Start of Block
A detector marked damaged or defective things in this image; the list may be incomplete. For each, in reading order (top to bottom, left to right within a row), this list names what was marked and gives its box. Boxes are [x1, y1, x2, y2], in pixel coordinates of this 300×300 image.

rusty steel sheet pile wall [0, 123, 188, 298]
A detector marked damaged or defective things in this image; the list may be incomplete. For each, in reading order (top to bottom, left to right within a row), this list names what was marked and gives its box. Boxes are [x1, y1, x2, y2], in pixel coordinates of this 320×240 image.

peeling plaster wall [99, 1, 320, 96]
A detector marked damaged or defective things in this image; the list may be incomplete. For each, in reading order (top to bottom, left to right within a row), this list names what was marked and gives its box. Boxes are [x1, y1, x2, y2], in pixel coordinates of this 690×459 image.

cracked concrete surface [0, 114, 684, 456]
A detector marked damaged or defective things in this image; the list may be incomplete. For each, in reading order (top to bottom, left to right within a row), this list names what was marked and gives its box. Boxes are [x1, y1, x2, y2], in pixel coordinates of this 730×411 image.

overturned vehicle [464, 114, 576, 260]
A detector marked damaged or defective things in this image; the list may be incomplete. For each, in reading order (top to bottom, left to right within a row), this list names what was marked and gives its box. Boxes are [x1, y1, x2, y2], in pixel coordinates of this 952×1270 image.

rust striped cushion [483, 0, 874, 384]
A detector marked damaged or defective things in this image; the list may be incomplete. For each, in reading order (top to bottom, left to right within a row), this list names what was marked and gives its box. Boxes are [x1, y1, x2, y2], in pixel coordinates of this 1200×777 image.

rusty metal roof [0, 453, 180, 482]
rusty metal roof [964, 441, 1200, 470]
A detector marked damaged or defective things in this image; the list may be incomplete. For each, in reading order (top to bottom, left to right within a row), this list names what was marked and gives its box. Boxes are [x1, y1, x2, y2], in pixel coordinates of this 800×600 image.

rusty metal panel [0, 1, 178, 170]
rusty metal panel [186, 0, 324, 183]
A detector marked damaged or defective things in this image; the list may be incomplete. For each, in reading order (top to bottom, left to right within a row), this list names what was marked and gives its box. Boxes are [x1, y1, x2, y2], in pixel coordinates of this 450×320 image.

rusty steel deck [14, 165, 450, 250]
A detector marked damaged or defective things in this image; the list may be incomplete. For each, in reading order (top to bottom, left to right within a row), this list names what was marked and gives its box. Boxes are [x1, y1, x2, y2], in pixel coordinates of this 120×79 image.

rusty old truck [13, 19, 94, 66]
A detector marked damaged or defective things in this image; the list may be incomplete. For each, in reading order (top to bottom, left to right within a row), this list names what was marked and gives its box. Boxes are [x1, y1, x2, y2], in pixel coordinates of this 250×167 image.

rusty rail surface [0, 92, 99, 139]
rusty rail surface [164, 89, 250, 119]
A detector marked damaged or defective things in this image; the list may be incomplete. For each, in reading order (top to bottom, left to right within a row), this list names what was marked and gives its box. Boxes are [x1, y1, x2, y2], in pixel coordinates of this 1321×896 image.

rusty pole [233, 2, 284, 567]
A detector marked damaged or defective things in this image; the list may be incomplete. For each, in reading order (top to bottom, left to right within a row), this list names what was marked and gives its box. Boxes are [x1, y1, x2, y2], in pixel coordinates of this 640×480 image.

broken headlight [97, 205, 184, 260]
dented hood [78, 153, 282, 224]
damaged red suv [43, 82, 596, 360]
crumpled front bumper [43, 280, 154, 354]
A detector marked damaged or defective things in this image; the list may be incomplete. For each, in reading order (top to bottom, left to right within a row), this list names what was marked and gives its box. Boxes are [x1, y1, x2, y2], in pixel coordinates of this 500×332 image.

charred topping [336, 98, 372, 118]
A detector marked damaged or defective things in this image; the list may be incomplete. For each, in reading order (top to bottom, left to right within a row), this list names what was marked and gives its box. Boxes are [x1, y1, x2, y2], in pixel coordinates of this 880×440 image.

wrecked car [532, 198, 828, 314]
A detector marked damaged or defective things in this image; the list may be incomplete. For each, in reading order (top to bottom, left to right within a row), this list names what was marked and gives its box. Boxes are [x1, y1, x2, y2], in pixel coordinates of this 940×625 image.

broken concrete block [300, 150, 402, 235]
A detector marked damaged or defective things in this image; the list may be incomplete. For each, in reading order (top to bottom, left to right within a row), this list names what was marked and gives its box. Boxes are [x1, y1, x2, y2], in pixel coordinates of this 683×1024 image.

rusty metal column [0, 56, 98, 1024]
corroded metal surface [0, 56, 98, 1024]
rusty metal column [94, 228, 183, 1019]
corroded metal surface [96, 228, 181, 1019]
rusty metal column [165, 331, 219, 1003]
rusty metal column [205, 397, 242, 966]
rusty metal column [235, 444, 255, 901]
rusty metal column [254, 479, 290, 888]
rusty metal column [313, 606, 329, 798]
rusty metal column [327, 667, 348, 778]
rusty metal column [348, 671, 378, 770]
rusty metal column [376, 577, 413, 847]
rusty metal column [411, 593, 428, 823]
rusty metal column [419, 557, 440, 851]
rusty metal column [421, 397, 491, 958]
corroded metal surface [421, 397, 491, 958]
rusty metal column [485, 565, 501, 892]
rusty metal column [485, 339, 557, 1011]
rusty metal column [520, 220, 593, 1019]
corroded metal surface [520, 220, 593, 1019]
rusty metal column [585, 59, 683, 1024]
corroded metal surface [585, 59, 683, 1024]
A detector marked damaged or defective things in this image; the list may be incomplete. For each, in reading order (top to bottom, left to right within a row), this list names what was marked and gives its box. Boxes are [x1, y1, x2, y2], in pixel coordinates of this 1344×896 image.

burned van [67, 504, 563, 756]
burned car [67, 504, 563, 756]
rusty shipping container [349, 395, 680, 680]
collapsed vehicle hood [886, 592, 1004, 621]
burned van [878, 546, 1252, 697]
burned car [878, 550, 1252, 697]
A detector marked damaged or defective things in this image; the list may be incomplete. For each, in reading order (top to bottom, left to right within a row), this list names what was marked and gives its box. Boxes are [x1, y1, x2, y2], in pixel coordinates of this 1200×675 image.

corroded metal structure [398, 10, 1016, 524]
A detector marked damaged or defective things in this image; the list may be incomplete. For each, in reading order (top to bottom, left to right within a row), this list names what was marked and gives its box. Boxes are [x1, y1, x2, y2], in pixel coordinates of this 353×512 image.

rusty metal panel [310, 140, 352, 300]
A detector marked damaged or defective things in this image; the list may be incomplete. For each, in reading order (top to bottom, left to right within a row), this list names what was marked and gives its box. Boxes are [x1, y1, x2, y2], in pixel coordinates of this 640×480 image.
End of Block
Reply with the complete records, restated exactly.

Response:
A detector marked damaged or defective things in this image; the list may be incomplete. For each, in reading order (top to bottom, left to right within a row), this list names what was marked and gives its box. Boxes are [x1, y1, x2, y2], in pixel coordinates of this 300×300 image.

rusty steel sheet pile wall [0, 123, 188, 298]
A detector marked damaged or defective things in this image; the list may be incomplete. For each, in reading order (top to bottom, left to right within a row), this list names what was marked and gives its box. Boxes are [x1, y1, x2, y2], in pixel coordinates of this 320×240 image.

peeling plaster wall [99, 1, 320, 96]
A detector marked damaged or defective things in this image; the list may be incomplete. For each, in reading order (top to bottom, left to right within a row), this list names what was marked and gives its box. Boxes are [x1, y1, x2, y2], in pixel coordinates of this 690×459 image.

cracked concrete surface [0, 114, 684, 456]
A detector marked damaged or defective things in this image; the list may be incomplete. For each, in reading order (top to bottom, left to right within a row), this list names what was marked and gives its box. Boxes are [x1, y1, x2, y2], in pixel coordinates of this 730×411 image.

overturned vehicle [464, 114, 576, 260]
A detector marked damaged or defective things in this image; the list may be incomplete. For each, in reading order (top to bottom, left to right within a row), this list names what was marked and gives its box. Boxes are [x1, y1, x2, y2], in pixel coordinates of this 952×1270 image.

rust striped cushion [483, 0, 874, 384]
A detector marked damaged or defective things in this image; the list may be incomplete. For each, in reading order (top to bottom, left to right within a row), this list names what was marked and gives its box. Boxes are [x1, y1, x2, y2], in pixel coordinates of this 1200×777 image.

rusty metal roof [0, 453, 180, 482]
rusty metal roof [964, 441, 1200, 470]
A detector marked damaged or defective things in this image; the list may be incomplete. For each, in reading order (top to bottom, left to right within a row), this list names what was marked and gives its box. Boxes are [x1, y1, x2, y2], in pixel coordinates of this 800×600 image.

rusty metal panel [0, 1, 178, 170]
rusty metal panel [186, 0, 324, 183]
A detector marked damaged or defective things in this image; the list may be incomplete. For each, in reading order (top to bottom, left to right within a row), this list names what was marked and gives its box. Boxes are [x1, y1, x2, y2], in pixel coordinates of this 450×320 image.

rusty steel deck [14, 165, 450, 250]
A detector marked damaged or defective things in this image; the list may be incomplete. For each, in reading order (top to bottom, left to right within a row), this list names what was marked and gives its box. Boxes are [x1, y1, x2, y2], in pixel coordinates of this 120×79 image.

rusty old truck [13, 19, 94, 66]
A detector marked damaged or defective things in this image; the list may be incomplete. For each, in reading order (top to bottom, left to right within a row), this list names what was marked and gives its box. Boxes are [x1, y1, x2, y2], in pixel coordinates of this 250×167 image.

rusty rail surface [0, 92, 99, 139]
rusty rail surface [164, 89, 250, 119]
A detector marked damaged or defective things in this image; the list may be incomplete. For each, in reading order (top to bottom, left to right within a row), this list names what was marked and gives its box. Boxes are [x1, y1, x2, y2], in pixel coordinates of this 1321×896 image.

rusty pole [233, 2, 284, 567]
A detector marked damaged or defective things in this image; the list may be incomplete. For each, in reading order (top to bottom, left to right within a row), this list names what was marked and gives its box. Boxes are [x1, y1, x2, y2], in pixel coordinates of this 640×480 image.

broken headlight [97, 205, 184, 260]
dented hood [78, 153, 282, 224]
damaged red suv [43, 82, 596, 360]
crumpled front bumper [43, 280, 154, 354]
A detector marked damaged or defective things in this image; the list may be incomplete. For each, in reading order (top to bottom, left to right within a row), this list names what was marked and gives its box. Boxes are [x1, y1, x2, y2], in pixel coordinates of this 500×332 image.

charred topping [336, 98, 372, 118]
A detector marked damaged or defective things in this image; the list may be incomplete. For each, in reading order (top to bottom, left to right within a row), this list names what was marked and gives its box. Boxes are [x1, y1, x2, y2], in pixel coordinates of this 880×440 image.

wrecked car [532, 198, 828, 314]
A detector marked damaged or defective things in this image; the list may be incomplete. For each, in reading order (top to bottom, left to right within a row), this list names what was marked and gives its box. Boxes are [x1, y1, x2, y2], in pixel coordinates of this 940×625 image.

broken concrete block [300, 150, 402, 235]
A detector marked damaged or defective things in this image; the list may be incomplete. For each, in reading order (top to bottom, left to right within a row), this list names what was marked and gives its box. Boxes are [x1, y1, x2, y2], in pixel coordinates of this 683×1024 image.

rusty metal column [0, 56, 98, 1024]
corroded metal surface [0, 56, 98, 1024]
rusty metal column [94, 228, 183, 1019]
corroded metal surface [96, 228, 181, 1019]
rusty metal column [165, 331, 219, 1003]
rusty metal column [205, 397, 242, 966]
rusty metal column [235, 444, 255, 901]
rusty metal column [254, 479, 290, 888]
rusty metal column [313, 606, 329, 798]
rusty metal column [327, 667, 348, 778]
rusty metal column [348, 671, 378, 770]
rusty metal column [376, 577, 413, 847]
rusty metal column [411, 593, 428, 823]
rusty metal column [419, 557, 440, 851]
rusty metal column [421, 397, 491, 958]
corroded metal surface [421, 397, 491, 958]
rusty metal column [485, 565, 501, 892]
rusty metal column [485, 339, 557, 1011]
rusty metal column [520, 220, 593, 1019]
corroded metal surface [520, 220, 593, 1019]
rusty metal column [585, 59, 683, 1024]
corroded metal surface [585, 59, 683, 1024]
A detector marked damaged or defective things in this image; the list may be incomplete. For each, in reading order (top to bottom, left to right within a row), this list names what was marked and gives its box. Boxes are [x1, y1, x2, y2], in pixel coordinates of this 1344×896 image.

burned van [67, 504, 563, 756]
burned car [67, 504, 563, 756]
rusty shipping container [349, 395, 680, 680]
collapsed vehicle hood [886, 592, 1004, 621]
burned van [878, 546, 1252, 697]
burned car [878, 550, 1252, 697]
A detector marked damaged or defective things in this image; the list may be incomplete. For each, in reading order (top to bottom, left to right within a row), this list names what was marked and gives its box. Boxes are [x1, y1, x2, y2], in pixel coordinates of this 1200×675 image.

corroded metal structure [398, 10, 1016, 524]
A detector marked damaged or defective things in this image; the list may be incomplete. For each, in reading order (top to bottom, left to right within a row), this list names what was marked and gives its box. Boxes are [x1, y1, x2, y2], in pixel coordinates of this 353×512 image.

rusty metal panel [310, 140, 352, 300]
A detector marked damaged or defective things in this image; the list may be incomplete. For each, in reading order (top to bottom, left to right within a row), this list names what was marked and gives its box. Boxes are [x1, y1, x2, y2], in pixel coordinates of this 640×480 image.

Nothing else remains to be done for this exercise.